Citing a recent scientific report on the dire consequences of letting average global temperatures rise beyond 1.5 degrees, Guterres urged countries to cut their emissions 45 percent from 2010 levels by 2030 and aim for net zero emissions by 2050.
Such a move, which experts say is the only way to achieve the 1.5-degree goal, would require a radical overhaul of the global economy and a move away from using fossil fuels.
“In short, we need a complete transformation of our global energy economy, as well as how we manage land and forest resources,” Guterres said.
He said governments should embrace the opportunities rather than cling to fossil fuels such as coal, which are blamed for a significant share of man-made greenhouse gas emissions.
The remark was also directed at host Poland, which relies on coal for 80 percent of its energy. But Poland’s President Andrzej Duda told a later news conference that the coal-rich country will never entirely give up its “strategic fossil fuel.”
In order to steer businesses and consumers away from heavily polluting forms of energy, the U.N. chief urged countries to embrace carbon pricing, something few countries have yet to do.
Guterres also urged negotiators not to forget that the challenges they face pale in comparison to the difficulties climate change is already causing millions around the world whose homes and livelihoods are at risk from rising sea levels, drought and more powerful storms.

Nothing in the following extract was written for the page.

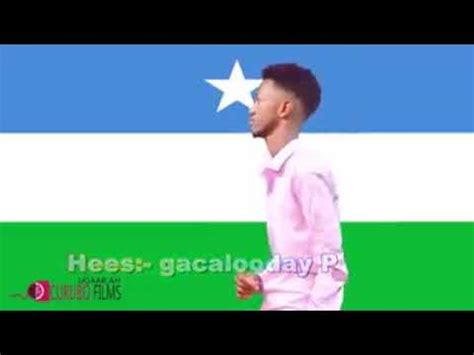 Dayax Dalnuurshe Oo Hees Cusub U Qaaday Puntland YouTube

The two-week conference, in Poland’s southern coal mining region of Silesia, is expected to work out how governments can report on their efforts to reduce greenhouse gas emissions and keep global warming within the Paris accord limit.
“This is the challenge on which this generation’s leaders will be judged,” Guterres said.
He later told reporters that realities about global climate are “worse than expected, but the political will is relatively faded after Paris” and is not matching the challenges.
Guterres called for a “huge increase in ambitions” during the two weeks of negotiations in Poland, adding “we cannot afford to fail in Katowice.”
Famed British naturalist Sir David Attenborough warned the gathering that the “collapse of our civilizations and the extinction of much of the natural world is on the horizons” if no urgent action is taking against global warming.
The 92-year-old TV presenter blamed humans for the “disaster of global scale, our greatest threat in thousands of years.”
Duda, the Polish leader, said participants at the conference have backed its proposal of a “just transition” away from coal mining, which calls for helping those people, like coal miners, who are slated to lose their jobs as the world changes its energy mix.
Fiji’s prime minister, Frank Bainimarama, who presided over last year’s U.N. climate summit, said the “just transition” proposal shouldn’t just consider the fate of fossil fuel workers but all people around the world whose lives are affected by climate change.
Residents of the world’s smaller islands, many of whom face catastrophic flooding from higher sea levels in a warming world, have been among the world’s most vocal backers of measures to combat climate change.